*** RECORDED INFORMATION Section Begins ***

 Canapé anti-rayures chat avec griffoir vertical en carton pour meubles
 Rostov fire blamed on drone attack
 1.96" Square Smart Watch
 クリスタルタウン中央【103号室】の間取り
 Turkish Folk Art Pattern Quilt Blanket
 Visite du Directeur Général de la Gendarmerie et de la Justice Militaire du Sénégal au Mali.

*** RECORDED INFORMATION Section Ends ***
*** RECORDED INFORMATION Section Begins ***

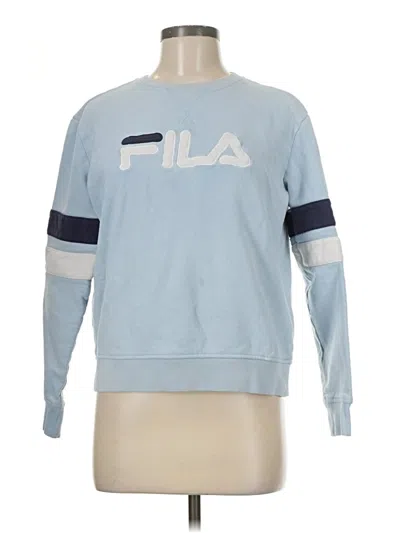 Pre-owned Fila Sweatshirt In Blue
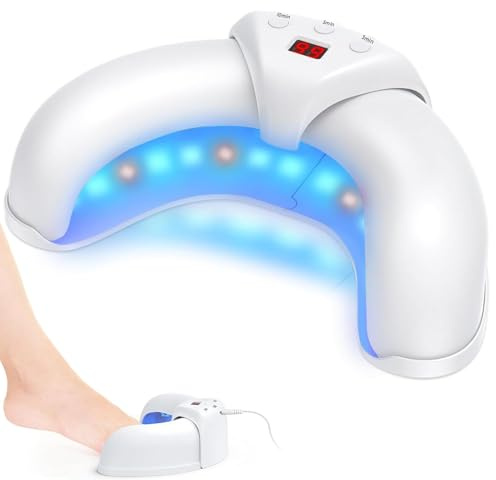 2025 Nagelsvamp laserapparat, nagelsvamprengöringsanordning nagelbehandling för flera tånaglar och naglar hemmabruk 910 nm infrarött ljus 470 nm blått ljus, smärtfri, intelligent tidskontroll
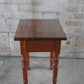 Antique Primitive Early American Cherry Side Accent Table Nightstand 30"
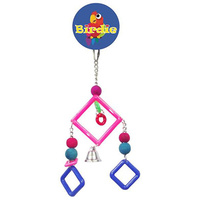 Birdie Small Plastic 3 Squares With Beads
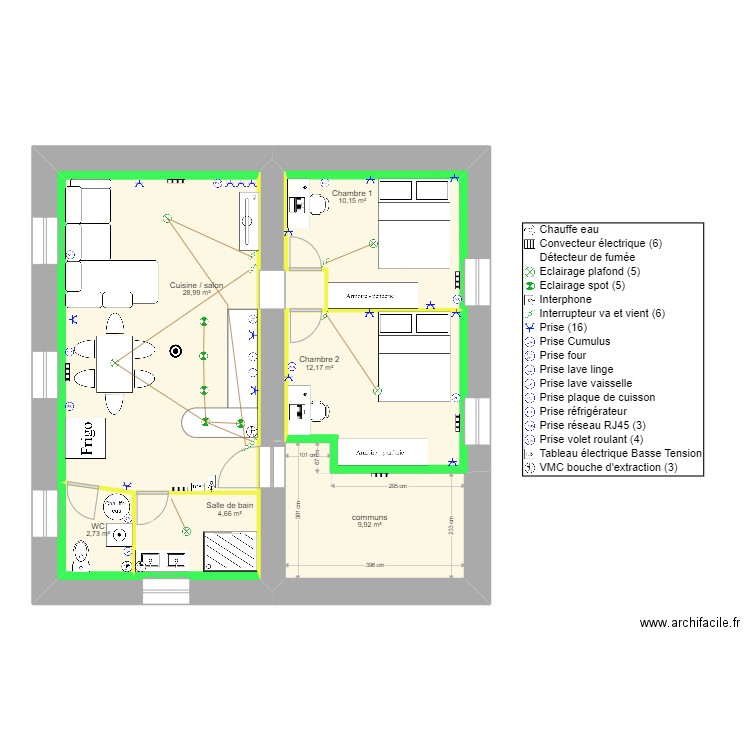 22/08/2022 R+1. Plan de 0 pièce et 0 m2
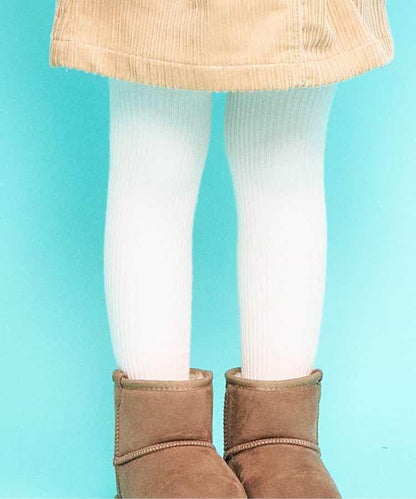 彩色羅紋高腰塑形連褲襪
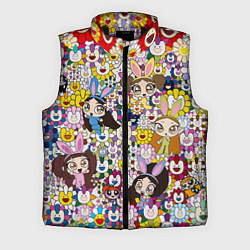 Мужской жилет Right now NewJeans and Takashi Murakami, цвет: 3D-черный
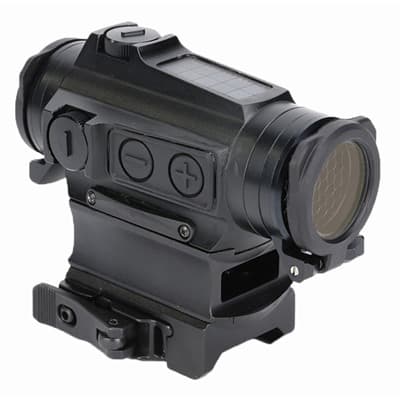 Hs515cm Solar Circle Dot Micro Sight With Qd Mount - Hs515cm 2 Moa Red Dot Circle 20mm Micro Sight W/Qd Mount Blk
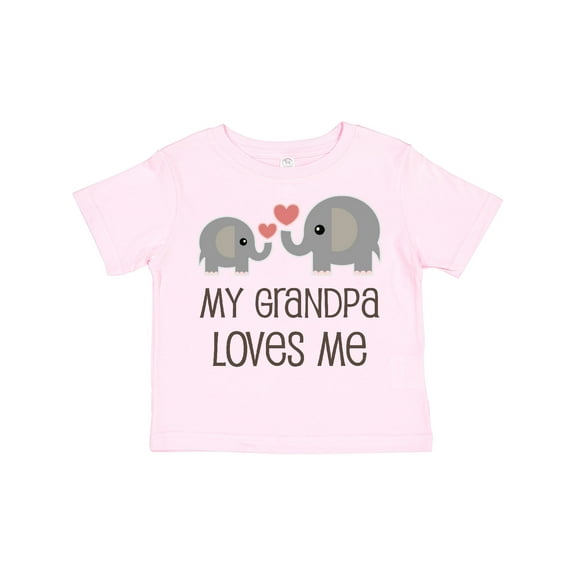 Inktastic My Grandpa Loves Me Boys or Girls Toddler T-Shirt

*** RECORDED INFORMATION Section Ends ***
*** RECORDED INFORMATION Section Begins ***

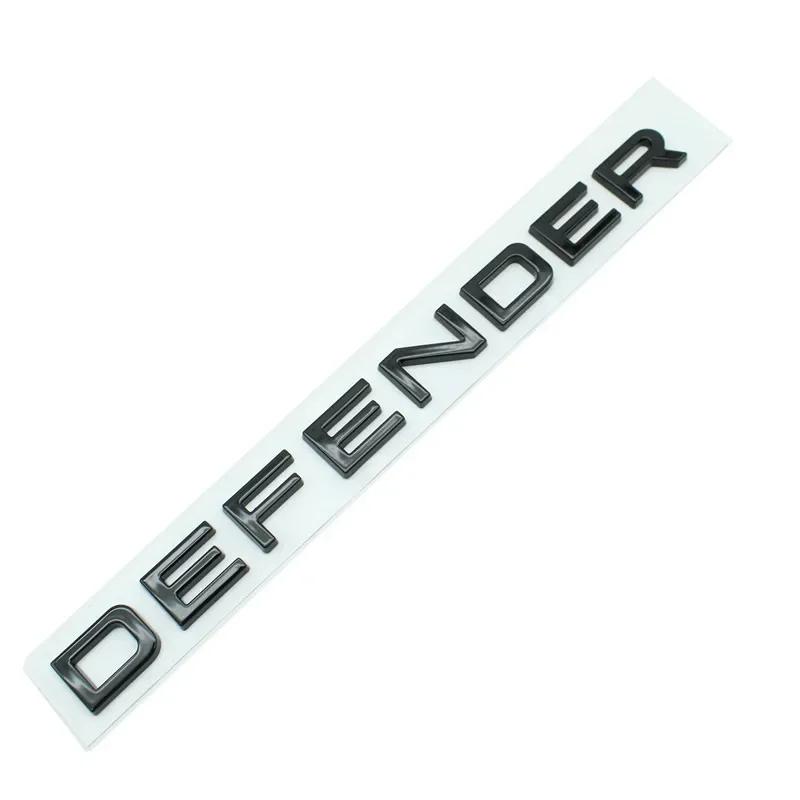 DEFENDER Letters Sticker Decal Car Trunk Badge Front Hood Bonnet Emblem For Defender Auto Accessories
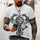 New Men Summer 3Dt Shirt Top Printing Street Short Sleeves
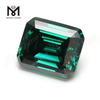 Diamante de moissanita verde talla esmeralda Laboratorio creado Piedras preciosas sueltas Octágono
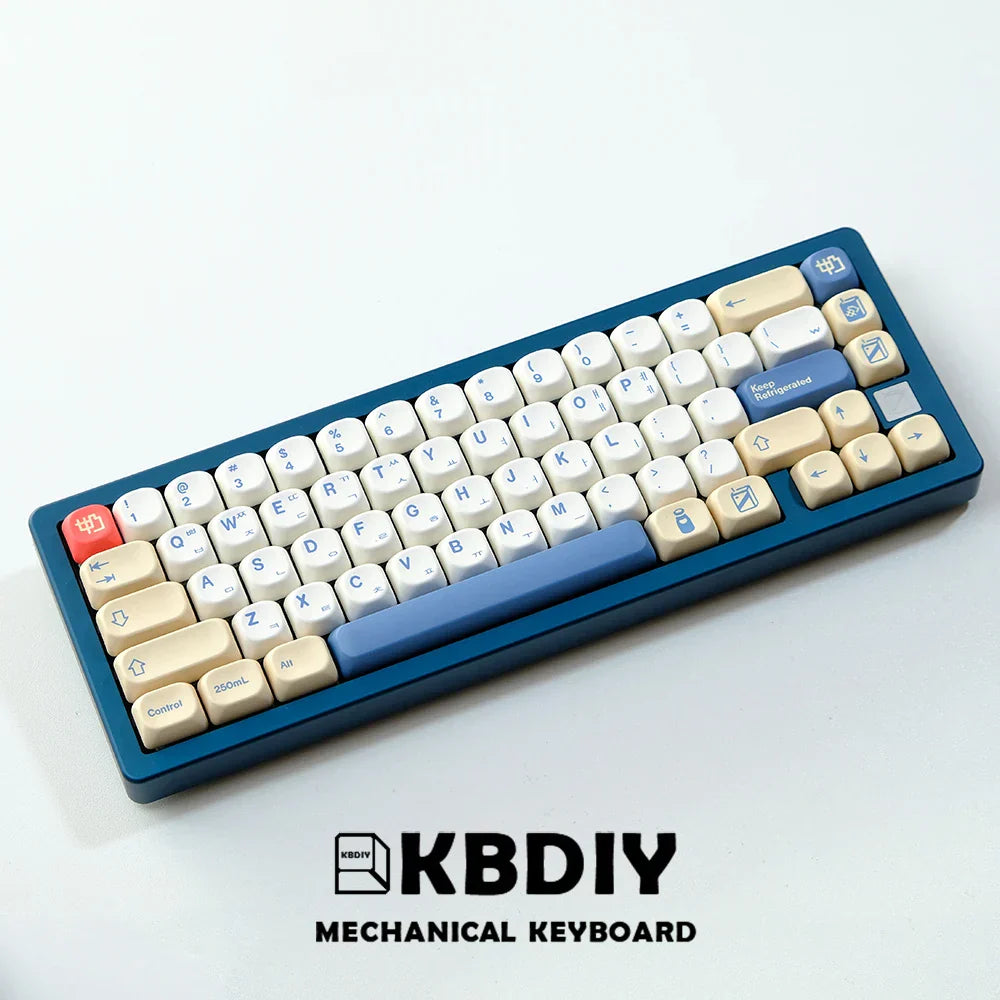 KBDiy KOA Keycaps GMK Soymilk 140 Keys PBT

*** RECORDED INFORMATION Section Ends ***

*AIM OF THE TASK*. Print exactly the lines above that run from the one with "Antique Primitive Early" to the one with "Inktastic My Grandpa", both included. No pictures.

*EXERCISE RESPONSE*.
 Antique Primitive Early American Cherry Side Accent Table Nightstand 30"
 Birdie Small Plastic 3 Squares With Beads
 22/08/2022 R+1. Plan de 0 pièce et 0 m2
 彩色羅紋高腰塑形連褲襪
 Мужской жилет Right now NewJeans and Takashi Murakami, цвет: 3D-черный
 Hs515cm Solar Circle Dot Micro Sight With Qd Mount - Hs515cm 2 Moa Red Dot Circle 20mm Micro Sight W/Qd Mount Blk
 Inktastic My Grandpa Loves Me Boys or Girls Toddler T-Shirt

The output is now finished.